Sunday, October 15, 2006

Wal-Mart vs. RIAA: which is more evil?

Rolling Stone has this interesting piece about another battle between Wal-Mart and the RIAA. Wal-Mart wants the RIAA to drop CD prices. Well, so does everyone else. The RIAA, however, argues that CDs aren't overpriced! Rolling Stone provides this breakdown:

This breakdown of the cost of a typical major-label release by the independent market-research firm Almighty Institute of Music Retail shows where the money goes for a new album with a list price of $15.99.

$0.17 Musicians' unions
$0.80 Packaging/manufacturing
$0.82 Publishing royalties
$0.80 Retail profit
$0.90 Distribution
$1.60 Artists' royalties
$1.70 Label profit
$2.40 Marketing/promotion
$2.91 Label overhead
$3.89 Retail overhead

I'll buy this breakdown, but I don't see any evidence to suggest that this justifies the price of CDs. The industry's myopic vision has prevented them from seeing the obvious: these are not actual per unit costs. In fact, if the industry moves more units, most of these per unit costs will decrease. Costs per unit for packaging/manufacturing, marketing/promotion, and overhead would all decrease if the industry could move more units, and they'd move more units if they lowered prices. Likewise, if they move more units, they can choose to lower their per unit profits and reap the same net profit.

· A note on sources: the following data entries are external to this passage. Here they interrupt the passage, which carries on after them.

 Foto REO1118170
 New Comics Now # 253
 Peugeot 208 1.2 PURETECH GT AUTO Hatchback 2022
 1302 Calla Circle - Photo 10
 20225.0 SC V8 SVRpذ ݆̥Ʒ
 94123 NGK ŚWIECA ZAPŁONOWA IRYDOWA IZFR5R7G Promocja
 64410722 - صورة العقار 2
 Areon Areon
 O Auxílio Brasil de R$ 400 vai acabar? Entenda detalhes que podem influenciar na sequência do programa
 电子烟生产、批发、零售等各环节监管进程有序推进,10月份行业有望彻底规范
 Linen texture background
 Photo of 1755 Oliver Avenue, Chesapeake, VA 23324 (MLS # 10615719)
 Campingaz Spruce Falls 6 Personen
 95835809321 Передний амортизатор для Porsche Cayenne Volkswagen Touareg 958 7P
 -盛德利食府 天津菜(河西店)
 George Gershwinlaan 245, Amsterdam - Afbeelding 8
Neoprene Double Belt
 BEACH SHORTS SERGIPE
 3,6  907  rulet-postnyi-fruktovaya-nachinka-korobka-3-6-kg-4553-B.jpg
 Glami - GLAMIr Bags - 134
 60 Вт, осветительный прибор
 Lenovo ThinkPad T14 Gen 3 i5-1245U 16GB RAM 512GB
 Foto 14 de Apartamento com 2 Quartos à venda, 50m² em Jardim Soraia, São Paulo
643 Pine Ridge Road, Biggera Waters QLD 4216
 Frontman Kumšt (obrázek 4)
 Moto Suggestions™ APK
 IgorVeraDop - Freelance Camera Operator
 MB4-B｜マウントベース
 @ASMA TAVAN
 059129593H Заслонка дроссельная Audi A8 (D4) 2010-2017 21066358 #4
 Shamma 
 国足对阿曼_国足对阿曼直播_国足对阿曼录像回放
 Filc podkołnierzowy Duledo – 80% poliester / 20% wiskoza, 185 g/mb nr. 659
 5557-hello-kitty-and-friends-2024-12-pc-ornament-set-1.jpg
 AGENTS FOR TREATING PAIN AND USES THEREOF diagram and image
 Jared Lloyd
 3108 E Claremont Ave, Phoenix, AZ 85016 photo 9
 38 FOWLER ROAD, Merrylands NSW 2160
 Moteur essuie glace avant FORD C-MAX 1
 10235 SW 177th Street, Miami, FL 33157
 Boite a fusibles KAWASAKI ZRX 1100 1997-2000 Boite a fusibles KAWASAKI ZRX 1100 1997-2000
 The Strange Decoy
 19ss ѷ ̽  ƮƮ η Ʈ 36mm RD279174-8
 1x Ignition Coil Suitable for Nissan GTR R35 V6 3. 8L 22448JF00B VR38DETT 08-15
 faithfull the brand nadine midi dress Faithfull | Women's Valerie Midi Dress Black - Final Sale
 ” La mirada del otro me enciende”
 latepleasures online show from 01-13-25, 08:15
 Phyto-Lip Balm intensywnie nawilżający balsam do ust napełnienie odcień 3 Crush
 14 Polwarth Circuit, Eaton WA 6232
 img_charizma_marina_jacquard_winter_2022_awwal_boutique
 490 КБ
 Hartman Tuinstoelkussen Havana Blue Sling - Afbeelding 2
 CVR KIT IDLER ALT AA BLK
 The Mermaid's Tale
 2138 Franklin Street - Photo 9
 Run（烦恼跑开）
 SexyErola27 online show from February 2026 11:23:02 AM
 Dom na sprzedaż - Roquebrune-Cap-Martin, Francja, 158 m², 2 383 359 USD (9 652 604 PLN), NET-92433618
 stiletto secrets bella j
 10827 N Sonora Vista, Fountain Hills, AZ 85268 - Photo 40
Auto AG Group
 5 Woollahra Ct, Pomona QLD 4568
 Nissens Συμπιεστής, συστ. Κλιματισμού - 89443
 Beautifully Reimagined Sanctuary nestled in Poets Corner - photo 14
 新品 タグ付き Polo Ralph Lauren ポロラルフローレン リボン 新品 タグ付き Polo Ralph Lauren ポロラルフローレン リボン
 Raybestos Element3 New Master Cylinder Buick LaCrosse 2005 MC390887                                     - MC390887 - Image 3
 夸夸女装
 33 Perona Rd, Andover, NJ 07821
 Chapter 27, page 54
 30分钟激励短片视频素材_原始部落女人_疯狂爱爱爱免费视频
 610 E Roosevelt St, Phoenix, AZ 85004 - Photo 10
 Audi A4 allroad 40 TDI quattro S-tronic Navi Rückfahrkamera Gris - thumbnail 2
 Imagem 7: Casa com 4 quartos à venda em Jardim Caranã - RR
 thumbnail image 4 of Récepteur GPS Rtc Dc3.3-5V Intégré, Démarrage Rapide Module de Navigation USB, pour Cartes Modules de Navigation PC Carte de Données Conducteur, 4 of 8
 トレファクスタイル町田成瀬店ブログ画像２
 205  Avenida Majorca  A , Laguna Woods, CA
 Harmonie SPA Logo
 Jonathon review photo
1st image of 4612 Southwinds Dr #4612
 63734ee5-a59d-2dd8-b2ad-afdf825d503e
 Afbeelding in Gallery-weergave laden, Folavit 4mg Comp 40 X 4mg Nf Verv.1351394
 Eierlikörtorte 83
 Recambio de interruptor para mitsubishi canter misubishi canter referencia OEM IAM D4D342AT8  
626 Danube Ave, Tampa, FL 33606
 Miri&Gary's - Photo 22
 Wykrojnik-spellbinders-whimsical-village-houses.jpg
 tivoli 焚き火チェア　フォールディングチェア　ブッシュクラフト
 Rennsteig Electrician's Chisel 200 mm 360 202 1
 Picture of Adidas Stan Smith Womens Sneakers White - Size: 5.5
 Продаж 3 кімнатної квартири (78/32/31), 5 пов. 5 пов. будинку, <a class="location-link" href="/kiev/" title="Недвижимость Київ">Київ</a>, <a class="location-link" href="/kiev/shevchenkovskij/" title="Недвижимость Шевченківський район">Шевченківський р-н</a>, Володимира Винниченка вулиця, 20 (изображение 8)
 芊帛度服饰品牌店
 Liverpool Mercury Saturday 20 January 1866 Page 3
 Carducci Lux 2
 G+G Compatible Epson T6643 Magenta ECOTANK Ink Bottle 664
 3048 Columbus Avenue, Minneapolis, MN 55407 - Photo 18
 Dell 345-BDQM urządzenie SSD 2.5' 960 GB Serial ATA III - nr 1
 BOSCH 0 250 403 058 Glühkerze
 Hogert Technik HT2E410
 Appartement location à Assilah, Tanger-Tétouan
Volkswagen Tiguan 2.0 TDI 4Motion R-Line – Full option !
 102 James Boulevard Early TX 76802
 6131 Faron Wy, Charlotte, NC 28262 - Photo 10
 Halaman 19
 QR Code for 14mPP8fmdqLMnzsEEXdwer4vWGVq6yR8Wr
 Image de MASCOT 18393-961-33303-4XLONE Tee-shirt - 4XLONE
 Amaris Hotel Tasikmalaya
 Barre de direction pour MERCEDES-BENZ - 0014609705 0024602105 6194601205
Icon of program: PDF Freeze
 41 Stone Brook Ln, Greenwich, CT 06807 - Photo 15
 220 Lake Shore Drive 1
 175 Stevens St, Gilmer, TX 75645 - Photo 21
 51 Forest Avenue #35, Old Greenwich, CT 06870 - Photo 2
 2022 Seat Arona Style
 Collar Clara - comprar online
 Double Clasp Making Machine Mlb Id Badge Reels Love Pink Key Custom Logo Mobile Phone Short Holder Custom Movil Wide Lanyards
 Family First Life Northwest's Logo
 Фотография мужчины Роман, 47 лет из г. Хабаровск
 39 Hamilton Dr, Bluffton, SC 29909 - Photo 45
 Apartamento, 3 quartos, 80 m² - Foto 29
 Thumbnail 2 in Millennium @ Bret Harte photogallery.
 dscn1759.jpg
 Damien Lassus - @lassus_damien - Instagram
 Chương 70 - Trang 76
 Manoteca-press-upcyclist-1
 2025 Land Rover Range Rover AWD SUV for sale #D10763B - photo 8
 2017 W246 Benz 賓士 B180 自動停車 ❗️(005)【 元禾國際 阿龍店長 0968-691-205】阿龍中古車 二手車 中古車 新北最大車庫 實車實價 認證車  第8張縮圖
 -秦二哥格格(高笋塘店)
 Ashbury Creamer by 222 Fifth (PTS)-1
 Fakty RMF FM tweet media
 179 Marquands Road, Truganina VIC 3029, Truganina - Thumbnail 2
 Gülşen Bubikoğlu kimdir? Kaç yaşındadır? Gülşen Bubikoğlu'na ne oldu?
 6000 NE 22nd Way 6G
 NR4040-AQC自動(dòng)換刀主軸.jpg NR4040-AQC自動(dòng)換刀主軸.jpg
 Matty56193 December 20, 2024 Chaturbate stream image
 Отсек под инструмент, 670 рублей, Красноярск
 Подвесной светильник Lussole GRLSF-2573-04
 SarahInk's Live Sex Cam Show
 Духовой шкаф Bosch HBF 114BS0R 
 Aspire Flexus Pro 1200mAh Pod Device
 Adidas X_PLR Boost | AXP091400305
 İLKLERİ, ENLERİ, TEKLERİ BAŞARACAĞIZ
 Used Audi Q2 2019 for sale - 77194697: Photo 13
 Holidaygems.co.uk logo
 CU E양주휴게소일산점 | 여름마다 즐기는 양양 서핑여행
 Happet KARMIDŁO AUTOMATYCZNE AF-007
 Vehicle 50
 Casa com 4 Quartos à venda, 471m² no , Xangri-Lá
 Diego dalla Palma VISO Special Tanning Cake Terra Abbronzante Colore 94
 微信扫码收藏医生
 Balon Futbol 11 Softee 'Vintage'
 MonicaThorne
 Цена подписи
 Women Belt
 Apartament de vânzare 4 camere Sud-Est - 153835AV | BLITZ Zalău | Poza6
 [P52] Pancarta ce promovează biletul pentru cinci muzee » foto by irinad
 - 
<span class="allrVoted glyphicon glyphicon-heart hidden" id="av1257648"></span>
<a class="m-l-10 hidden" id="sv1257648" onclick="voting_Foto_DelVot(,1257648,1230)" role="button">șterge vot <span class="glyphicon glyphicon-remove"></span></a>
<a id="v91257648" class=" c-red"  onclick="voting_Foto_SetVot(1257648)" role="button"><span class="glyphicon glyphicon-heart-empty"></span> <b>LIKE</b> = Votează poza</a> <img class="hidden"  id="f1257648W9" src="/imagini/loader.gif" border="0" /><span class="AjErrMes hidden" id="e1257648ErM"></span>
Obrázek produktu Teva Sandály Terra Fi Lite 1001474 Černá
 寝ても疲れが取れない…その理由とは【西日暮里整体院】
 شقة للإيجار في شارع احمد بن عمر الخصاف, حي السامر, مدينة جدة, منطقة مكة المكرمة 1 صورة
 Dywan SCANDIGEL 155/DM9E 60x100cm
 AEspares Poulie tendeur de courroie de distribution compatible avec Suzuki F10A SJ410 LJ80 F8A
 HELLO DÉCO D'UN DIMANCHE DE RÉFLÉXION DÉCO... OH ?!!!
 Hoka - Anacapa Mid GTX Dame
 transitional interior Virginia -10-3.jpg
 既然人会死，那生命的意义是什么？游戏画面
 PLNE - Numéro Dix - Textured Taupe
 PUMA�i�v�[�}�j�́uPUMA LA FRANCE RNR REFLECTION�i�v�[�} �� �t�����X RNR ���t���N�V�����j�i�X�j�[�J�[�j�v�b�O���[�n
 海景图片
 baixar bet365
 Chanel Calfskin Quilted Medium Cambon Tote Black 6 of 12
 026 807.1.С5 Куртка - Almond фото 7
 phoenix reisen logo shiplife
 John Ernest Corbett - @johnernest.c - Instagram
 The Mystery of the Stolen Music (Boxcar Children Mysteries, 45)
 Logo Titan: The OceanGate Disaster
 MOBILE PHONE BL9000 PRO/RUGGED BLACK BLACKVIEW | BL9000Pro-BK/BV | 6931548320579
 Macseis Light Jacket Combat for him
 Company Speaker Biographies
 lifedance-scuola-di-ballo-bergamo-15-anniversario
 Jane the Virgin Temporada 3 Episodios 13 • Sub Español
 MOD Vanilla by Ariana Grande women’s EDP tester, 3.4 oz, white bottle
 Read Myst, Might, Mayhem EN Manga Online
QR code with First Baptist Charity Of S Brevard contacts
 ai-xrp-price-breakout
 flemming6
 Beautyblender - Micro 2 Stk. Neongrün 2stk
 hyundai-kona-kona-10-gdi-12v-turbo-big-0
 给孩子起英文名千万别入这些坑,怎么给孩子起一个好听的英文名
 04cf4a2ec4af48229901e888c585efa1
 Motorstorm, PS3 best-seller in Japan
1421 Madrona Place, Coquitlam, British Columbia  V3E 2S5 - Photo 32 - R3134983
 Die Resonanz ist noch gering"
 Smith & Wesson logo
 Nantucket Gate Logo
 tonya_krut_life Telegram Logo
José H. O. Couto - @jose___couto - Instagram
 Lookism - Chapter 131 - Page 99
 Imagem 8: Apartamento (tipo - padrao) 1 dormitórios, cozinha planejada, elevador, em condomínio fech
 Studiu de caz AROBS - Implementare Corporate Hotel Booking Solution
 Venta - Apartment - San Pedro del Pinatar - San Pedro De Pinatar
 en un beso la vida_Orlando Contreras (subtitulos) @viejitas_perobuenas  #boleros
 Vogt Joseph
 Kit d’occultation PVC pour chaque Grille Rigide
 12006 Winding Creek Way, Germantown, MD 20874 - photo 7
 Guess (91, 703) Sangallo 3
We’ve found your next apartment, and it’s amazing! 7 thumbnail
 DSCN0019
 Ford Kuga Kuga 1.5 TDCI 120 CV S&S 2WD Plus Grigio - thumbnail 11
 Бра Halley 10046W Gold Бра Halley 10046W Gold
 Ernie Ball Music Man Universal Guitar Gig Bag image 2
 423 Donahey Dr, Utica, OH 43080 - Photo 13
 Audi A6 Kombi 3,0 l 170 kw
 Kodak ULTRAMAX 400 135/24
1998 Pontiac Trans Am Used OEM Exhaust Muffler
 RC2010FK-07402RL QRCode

When I was 20, I probably bought close to 12 CDs per month. I'm 25 now, and I doubt I buy 12 CDs a year anymore. I can't afford it. I love music, but I'm completely out of touch with what's going on in music because I simply can't afford the prices they're charging.

Apple's iTunes provides a decent alternative, but I prefer to own the CD. I like to have the sleeve. I like to hold it in my hands and read the lyrics. I think a lot of people feel this way. But until the RIAA gets its head out of its head, my music purchasing will remain minimal.


  1. I don't buy much new music either for the same reason. Cheap, used LPs have given me a new lease on older music in the interim.


  2. When you were 20, you had different priorities and different obligations. Has the price changed?